Every time I see it, I think of Valeria Kechichian and all that she has done to build Longboard Girls Crew. Her story has been filled with countless ups and downs, and is still being written, all with the goal of continuing to inspire and empower women around the world through longboarding. Last month, Valeria had the opportunity to use the Tedx platform in Madrid, Spain to further spread her message of love, camaraderie, and community growth. Please watch the video and read on to learn how the opportunity came about and how she sees gender roles in longboarding shifting in the coming years.
Valeria buddy! So good to sit down and chat with you. How did this Tedx opportunity come about?
It was insane. I was in a hotel room in Irún (northern Spain), about to lecture a class in Mondragón University in an Action Sports PhD, when I get a message through Linkedin from a girl saying that IE Business School was organizing a TEDx event and wanted me as a speaker. I thought it was a Linkedin prank or spam -if something like that exists- and asked her to write me to my direct email address.

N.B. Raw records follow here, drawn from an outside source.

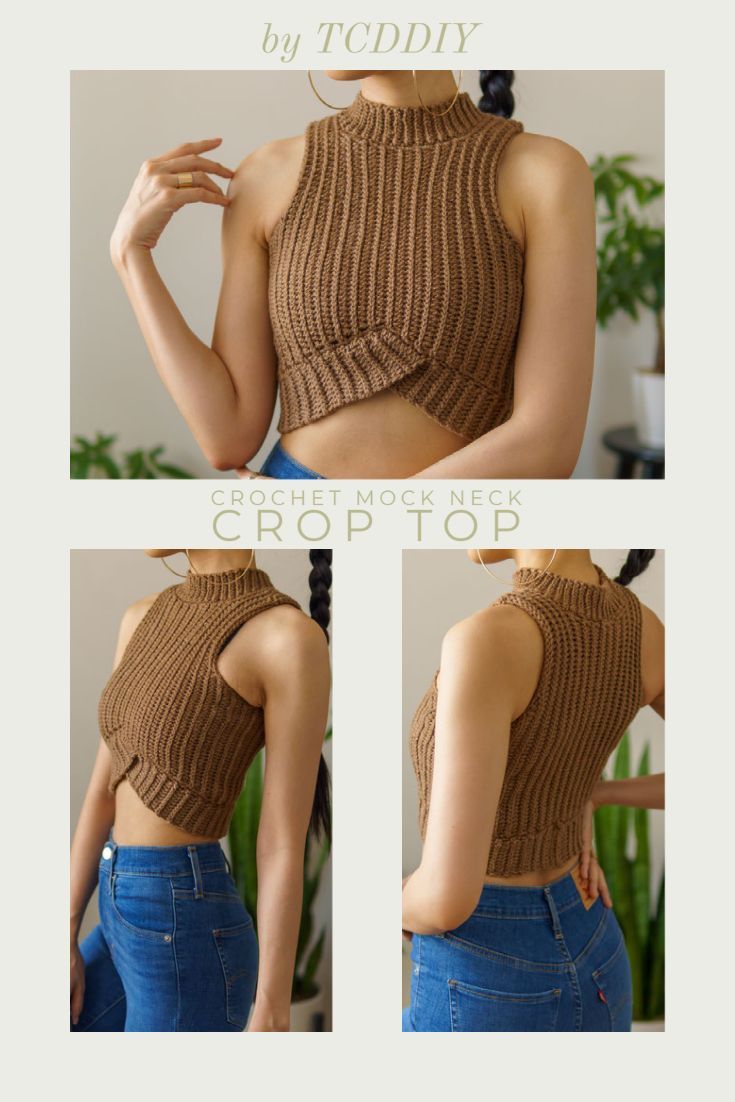 Summer Crochet, Cute Crochet, Crochet Sweater, Knit Crochet, Crochet Crop Top Pattern, Crochet Motifs, Sweater Pattern, Crochet Tank Tops, Mock Neck Crop Top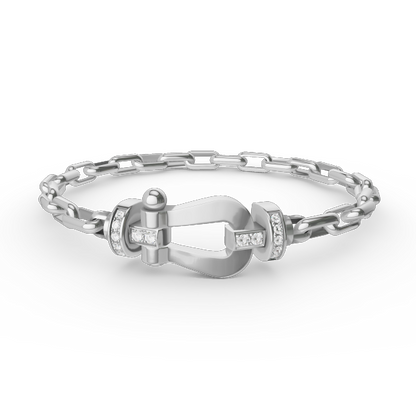 [baslovejewels]FORCE LARGE HORSESHOE CLASP  METAL BRACELET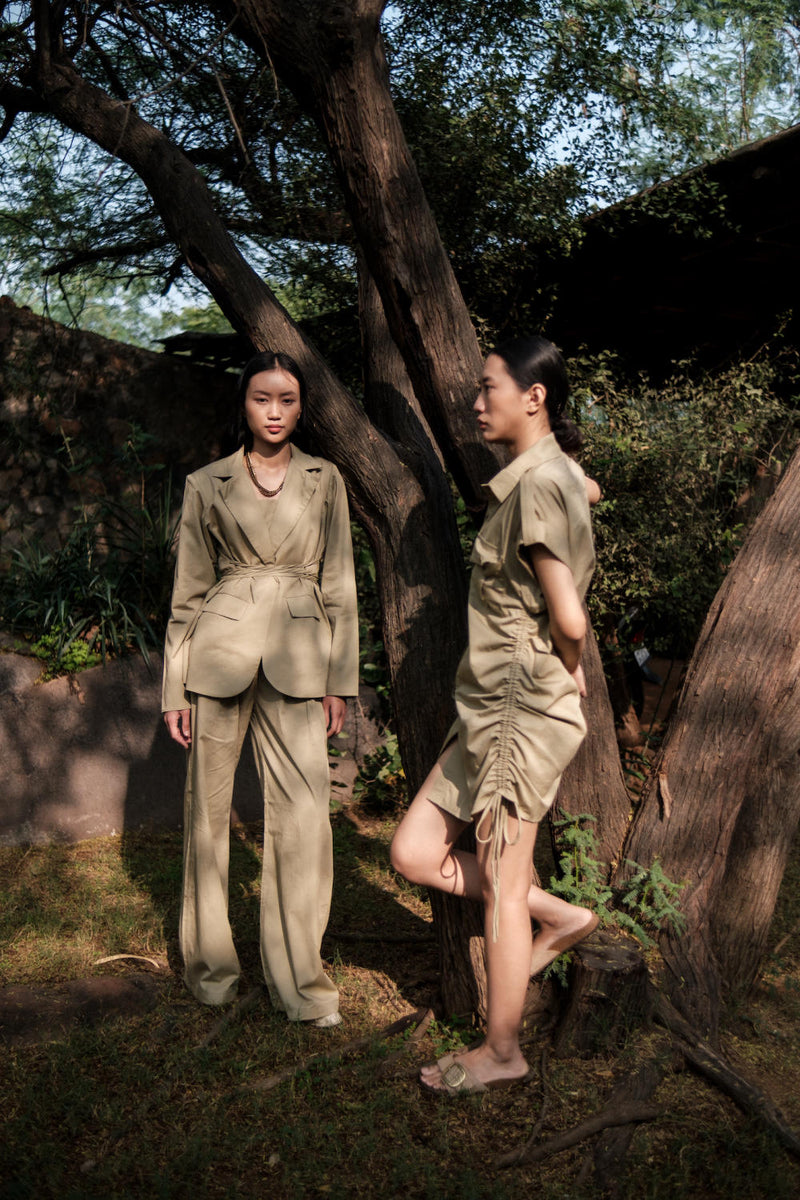 Friday Flared Pants-Khaki cotton by The Terra Tribe for women in Singapore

I thought that was the last time I would hear from her but 5 mins later I got the email with a longer, more formal invitation. I started crying while reading the email and then some serious jumping and crazy screaming happened. I couldn’t believe it. Ten minutes later I pulled my shit together and politely replied, “I would be honored.”
Later when I asked how they knew about me, Mercedes Gonzalez, the girl that contacted me said she was a contributor of our OPEN Indiegogo campaign. Life, right?
Where did the inspiration for the topic ‘We Ride The Shift’ come from?
My good friend Coco Tache from 7skylife and I came up with the name while roadtripping in Switzerland in May. It sums perfectly what we do, how we do it and where we’re going. Plus, Coco is a HUGE inspiration for me.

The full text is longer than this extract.